Heusler compounds, which Felser studies, have simple cubic lattice structures and consist of only three elements, but the composition can be manipulated to create a myriad of materials for many different purposes. The first Heusler alloy, discovered 125 years ago, combined manganese, copper and aluminum—none of which are magnetic—to produce a compound that was ferromagnetic at room temperature. Felser showed the potential of using different elements from the periodic table in novel topological configurations to produce new materials with a range of properties, such as semiconductors, topological insulators, and magnets.
A vast number of Heusler compounds can be created just by selecting the right building blocks. A Heusler compound can either be what’s called a half Heusler (XYZ) or a normal Heusler (X2YZ), where X, Y, and Z are chemical elements. X can be one of 33 elements, Y one of 13 and Z one of 12, allowing for many combinations. And as Felser showed, the Heusler compounds can be further modified using a variety of tools to create an even larger family of materials.
Kim discussed another versatile method for creating materials with varied properties by stacking 2D sheets of material, a process pioneered using graphene. Like Heusler compounds, the resulting properties of 2D stacked materials depend both on which elements are used and how the material is manipulated. For example, the big story of last year’s APS March Meeting, was creation of a superconductor by stacking two layers of graphene, with one layer twisted to at an optimal angle.

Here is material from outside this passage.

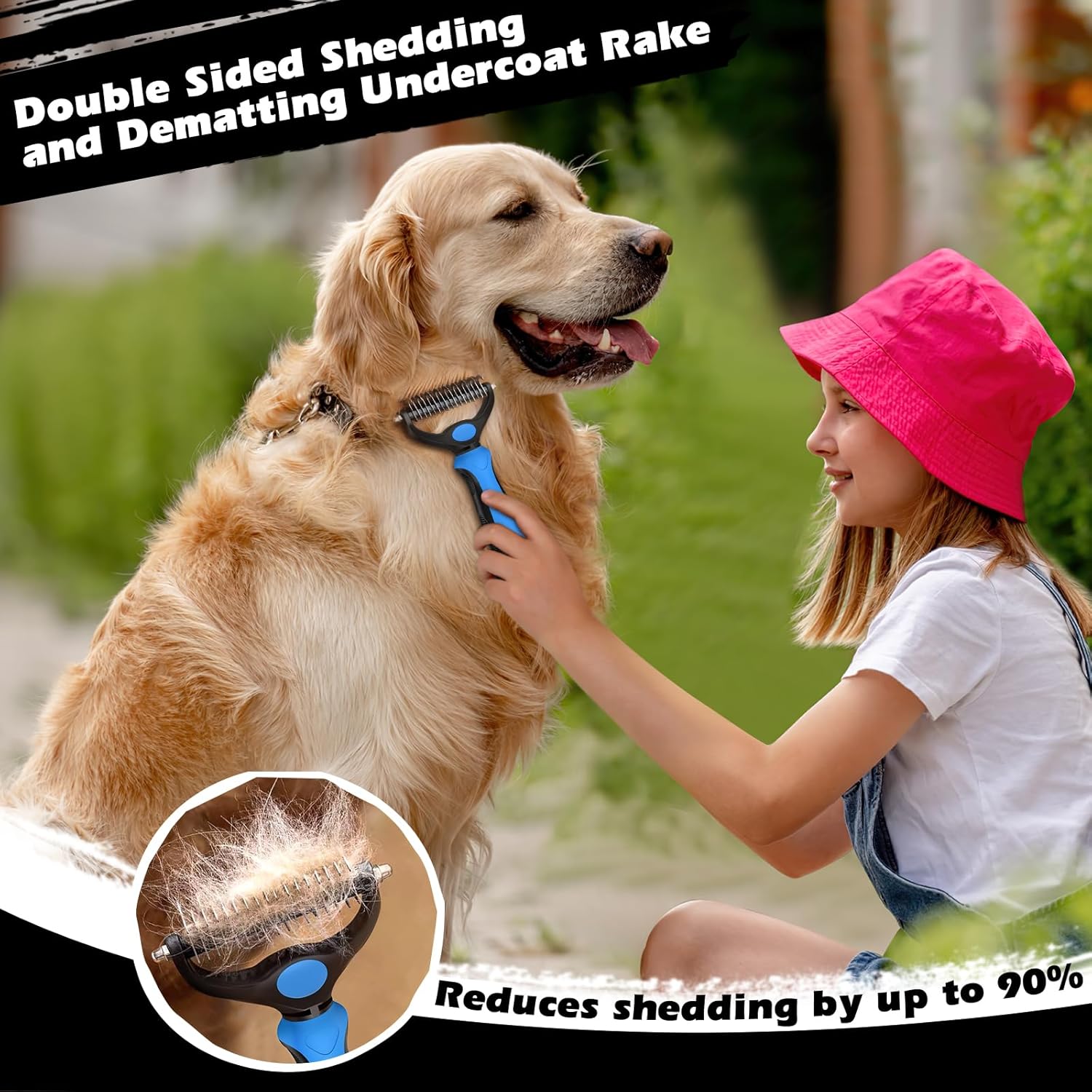 Skiennix Self-Cleaning Slicker Brush Set - Double-Sided Dematting Comb & Flea Comb for Dogs, Cats & Horses | Premium Grooming Tools (Blue)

By stacking different atomically thin materials with structures similar to graphene, many types of materials can be created, like magnetic materials or semiconductors. According to Kim, a number of these stacked systems have predictable results, but there are plenty of new combinations of these 2D materials that remain unknown and could have interesting properties, leading to new physics. The more layers, the more complexity—and the more things the 2D system may be able to do. Using the structures created from stacked 2D materials and connecting them together has applications in electronics development.
Ediger moved away from neat stacks of materials to the disordered structures of glasses, which are highly variable. Creating highly stable glass is important for continued development in modern electronics, like OLED (organic light emitting diode) displays now found in some smartphones or optical fibers. Ediger discussed a method of creating glass that will provide higher density and low-energy amorphous packing: instead of cooling a molten liquid, the usual method of glass creation, he proposes using vapor deposition.
A typical method of glass creation involves a supercooled liquid slowly turning into a glass, where different cooling rates create different types of glasses. But to form the high-density glass states Ediger is interested in would take years using this method. With vapor deposition, collecting gas on a cold substrate to create thin but dense glass takes about an hour. The higher density occurs as the molecules fall to the substrate like blocks in the computer game Tetris and have the opportunity to switch positions to pack together as tightly as possible. Just a one percent increase in glass density achieved by vapor deposition can increase photostability of OLED displays substantially, leading to increased efficiency and device lifetime.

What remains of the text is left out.